While the plaintiffs in High Acres tried unsuccessfully to compel the court to take action to curb the odor nuisance, the SMI plaintiffs are not seeking coercive measures.

Rather, the SMI plaintiffs are asking the court to find that Seneca Meadows’ current activities violate their constitutional rights to “clean air” and a “healthy environment” under the Green Amendment. Second, they are asking for an injunction blocking the proposed landfill expansion on the grounds that it would perpetuate the alleged constitutional violation.

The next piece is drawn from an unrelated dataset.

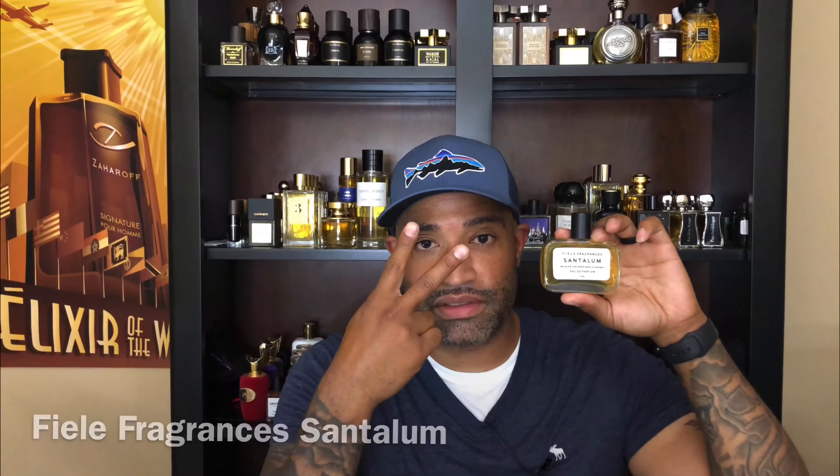In the future I'd definitely like to sample the rest of the house. If you've gotten your nose on Santalum, leave a comment below — tell me if you like it, love it, or don't care for it. If you woke up today you're definitely winning. I'm smelling amazing and we're out. Peace.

The DEC, Gitlen argued, “is trying to perpetuate a permit system under which some New York citizens are forced to breathe air that makes them sick and are regularly confronted with disgusting bird droppings.”

“SMI is trying to continue to impose these unconstitutional burdens on its neighbors. And the Attorney General (James) continues to support the ‘status quo.'”

Philip H. Gitlen, attorney for the Seneca Lake Guardian. Photo credit: Courtesy of Whiteman Osterman & Hanna LLPPhilip H. Gitlen, attorney for the Seneca Lake Guardian. Photo credit: Courtesy of Whiteman Osterman & Hanna LLP
Philip H. Gitlen, attorney for the Seneca Lake Guardian. Photo credit: Courtesy of Whiteman Osterman & Hanna LLP

Gitlen, a former DEC general counsel, said James’ claim that the High Acres case sets binding precedent in the Seneca Meadows case “distorts” the Seneca Lake Guardian’s arguments and “misrepresents the potential applicability (of the High Acres decision) to these pleadings.”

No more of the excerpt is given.